In the article "An Image Interpolation Scheme for Repetitive Structures" Luong, Ledda and Philips propose the following approach to denoising digital image.
They consider that regularized total variation minimization problem $$\hat I(x)=\arg\min_{I(x)}[f(\nabla I(x))+\lambda\cdot g(H*I(x)-I_0(x))] \tag{3}$$ can be transformed to the partial differential equation: $$\frac{\partial I(x, t)}{\partial t}=f_{I}' (\nabla I(x, t))+\lambda \cdot g_{I}'(H*I(x, t)-I(x, 0))) \tag{4}$$ I can't find foundation of such transformation and I can't agree with the equivalence of these two problems.

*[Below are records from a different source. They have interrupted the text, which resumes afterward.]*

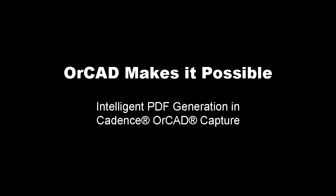However, the sheer size and complexity of today's designs requires intelligence to be added to the PDF generation process to enable effective review of the design. The latest ISR release of Cadence OrCAD Capture 16.3 provides the ability to generate intelligent, searchable PDFs, allowing OrCAD to make it possible to effectively and securely share design data with your organization and design partners.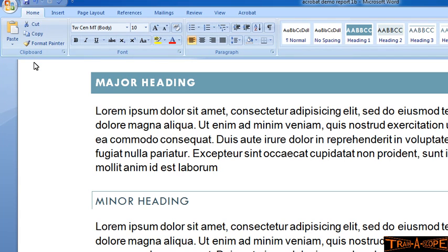Hello, my name's Stephen Knight from Stephen Knight Training, and this is a Trainerscope presentation. In a previous episode of this particular series, we looked at preparing our document for conversion to PDF.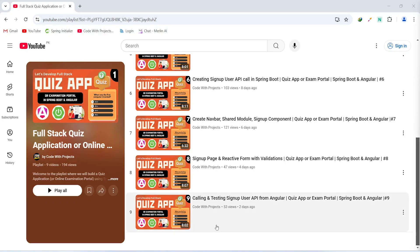Hello coders, I hope you are coding well. In the previous video we wrote the code to call the signup API from our Angular application and after this we tested the API in the browser. In today's video we will create a login user API in our Spring Boot application. So let's get started.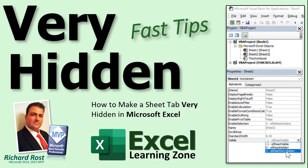Welcome to another Fast Tips video brought to you by ExcelLearningZone.com. I am your instructor, Richard Rost. In today's video, I'm going to show you how to make a sheet tab very hidden in Microsoft Excel.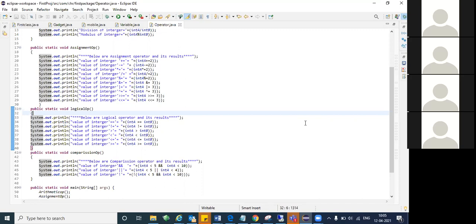This is actually an interview question that I failed to answer. The interviewer asked me what is the difference between a single ampersand and a double ampersand. I felt very awkward, but it's okay — I learned it later. This is how these things work.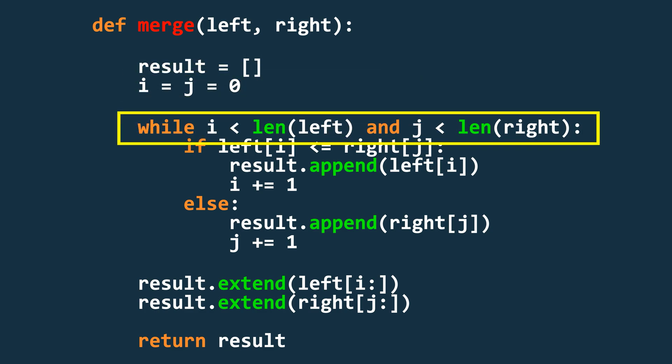Next we start a while loop that runs as long as i is less than the length of the left array and j is less than the length of the right array. This means the loop will continue until we reach the end of one of the arrays.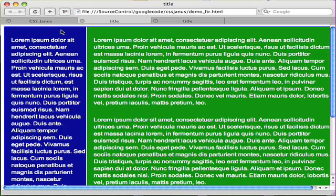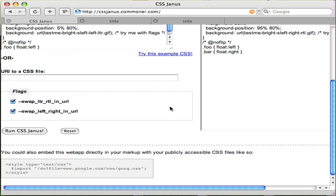That's just a quick demo of CSS Janus. It does a few more things than that, and I hope you take a look at it. If you're doing web pages that need right-to-left CSS, I hope it is useful to you.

Moreover the researchers believe appropriate to take $f(\cdot)=||\cdot||_{L^2}$ (or maybe $||\cdot||_{L^1}$) and $g(\cdot)=||\cdot||_{L^1}$. And I can't understand how they're going to find corresponding derivatives in such case.

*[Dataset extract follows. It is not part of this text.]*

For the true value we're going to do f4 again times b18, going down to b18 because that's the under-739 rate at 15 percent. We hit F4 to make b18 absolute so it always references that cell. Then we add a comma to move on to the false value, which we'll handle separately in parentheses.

Could you help me understand these considerations?
First, this is an engineering paper, not a math paper. One shouldn't expect rigorous math from engineers.
Second, I don't think they take $f(\cdot)=\|\cdot\|_{L^2}$. They use "the total variation (TV): $\rho_R(I(x, t)) = |\nabla I(x, t)|$". Which is basically the $L^1$ norm of the gradient.

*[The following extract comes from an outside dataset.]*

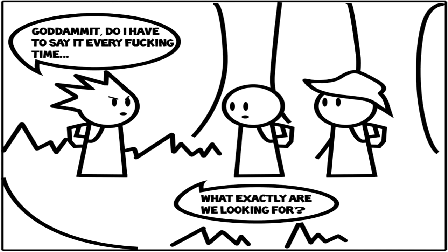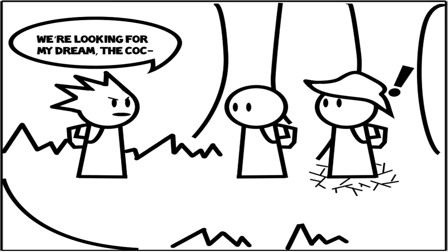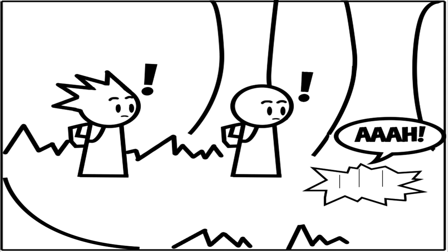God damn it, Billy. Are you fucking retarded? Do I have to say it every time to you? You've asked me four times since we've been on this trip. Look, Billy, we're looking for my dream. The cock...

Third, what they really mean by
is that they are going to run gradient descent in search for minimizer. In their words, "the pde of equation 4 is iteratively applied to update the blurred and noisy image in the restoration process." The right hand side of (4) should have a minus sign, otherwise it looks like they are going for maximum instead of minimum.
As for how they are going to take the derivative of non-differentiable functions - in the actual computation it's a finite difference of some sort.